Наконец, мы видим, что по причине невежества некоторых теологов закрыт доступ к какой бы то ни было философии, хотя бы и самой лучшей. Одни просто боятся, как бы более глубокое исследование природы не перешло за дозволенные пределы благочестия; при этом то, что было сказано в священных писаниях о божественных тайнах и против тех, кто пытается проникнуть в тайны божества, превратно применяют к скрытому в природе, которое не ограждено никаким запрещением. Другие более находчиво заключают, что если обычные причины не известны, то все можно легче приписать божественной длани и жезлу; и это они считают в высшей степени важным для религии. Все это есть не что иное, как «желание угождать Богу ложью». Иные опасаются, как бы движения и изменения философии не стали примером для религии и не положили бы ей конец. Другие, наконец, очевидно, озабочены тем, как бы не было открыто в исследовании природы чего-нибудь, что опрокинет или по крайней мере поколеблет религию (особенно у невежественных людей). Опасения этих двух последних родов кажутся нам отдающими мудростью животных, словно эти люди в отдаленных и тайных помышлениях своего разума не верят и сомневаются в прочности религии и в главенстве веры над рассудком и поэтому боятся, что искание истины в природе навлечет на них опасность. Однако если здраво обдумать дело, то после слова Бога естественная философия есть вернейшее лекарство против суеверия и тем самым достойнейшая пища для веры. Поэтому ее справедливо считают вернейшей служанкой религии: если одна являет волю Бога, то другая – его могущество. Ибо не ошибся тот. кто сказал: «Вы блуждаете, не зная Писания и могущества Бога», соединив и сочетав, таким образом, нерушимой связью осведомление о воле и размышление о могуществе. Поэтому неудивительно, что естественная философия была задержана в росте, так как религия, которая имеет величайшую власть над душами людей, вследствие невежества и неосмотрительного рвения некоторых была уведена от естественной философии и перешла на противоположную сторону.
XC
Кроме того, в нравах и обычаях школ, академий, коллегий и тому подобных собраний, которые предназначены для пребывания в них ученых людей и для служения учености, все оказывается противным движению наук вперед.
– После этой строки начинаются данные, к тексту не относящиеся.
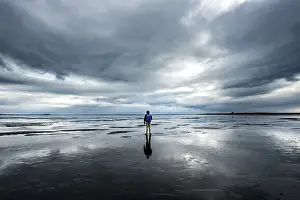 Icelandic Nature Tourism Prints: Lonely hiker on the beach, dramatic clouds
Ибо чтения и упражнения расположены так, что нелегко может кому-либо прийти в голову обдумывание и созерцание того, что отличается от привычного.
А если тот или другой, возможно, отважится воспользоваться свободой суждения, то он сможет возложить эту работу только на себя одного. От общения с другими он не получит для себя ничего полезного. Если же он и это перенесет, то убедится все же, что эта деятельность и отвага составляют немалое препятствие в снискании благополучия. Ведь в случаях такого рода старания людей заключены, как в темнице, в писаниях некоторых авторов. А если кто-либо не согласится с ними, то он будет тотчас обвинен как бунтарь и алчный до перемен человек. Между тем велико различие между гражданскими делами и науками: ведь опасность, происходящая от нового движения, совсем не та, что от нового света. Действительно, в гражданских делах даже изменения к лучшему вызывают опасения смуты, ибо гражданские дела опираются на авторитет, единомыслие и общественное мнение, а не на доказательства. В науках же и искусствах, как в рудниках, все должно шуметь новыми работами и дальнейшим продвижением вперед. Но так должно быть согласно здравому смыслу; в жизни это иначе: указанный выше порядок в руководстве науками и учением как тяжелое бремя издавна подавляет их рост.